But what about the market value of SOA- and Web services-oriented telco gear?

Judging from the figures thrown around in a report from research outlet OSS Observer, it runs into the millions of dollars.

The closest segment OSS Observer identifies is what it calls the component integration software market, which includes software that communications service providers use to integrate and manage data exchanged between applications.

BEA leads this space with 28 percent of this $650 million telco market, with IBM at 14 percent and Oracle at 5 percent, respectively, the research said.

But Forrester Research analyst Larry Velez isn’t so sure how the promise of SOA middleware for telcos will shake out.

“There is little knowledge of what this means for people to forecast spending on this,” Velez said. “Every telco will spend money on an SDP, and I’m leaning in the direction that this will be done on a shared revenue transactional model with different stages of price caps.”

“I can’t see telcos spending millions on this without knowing if selling telecom Web services is going to be a good business model or not. This is why it is extremely important for SDPs to have off-the-shelf applications that could be sold right away to ascertain if this model will work or not.”

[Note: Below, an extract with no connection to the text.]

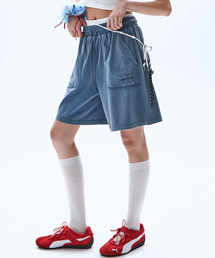 RAIMENT（レイメント）の「フラワーパッチソーラーハーフパンツ_ブルー（その他パンツ）」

It’s a tricky proposition that puts the onus on the technology providers.

IBM’s Twardus said telco customers are a lot more savvy about the platforms than they were a few years ago.

“They’re [customers] very excited about the fact that Oracle, Microsoft, IBM and BEA are making these investments in integration technology,” Twardus said.

“They’re a little more enlightened about what the technology means and they’re being very selective about where they want to apply it.”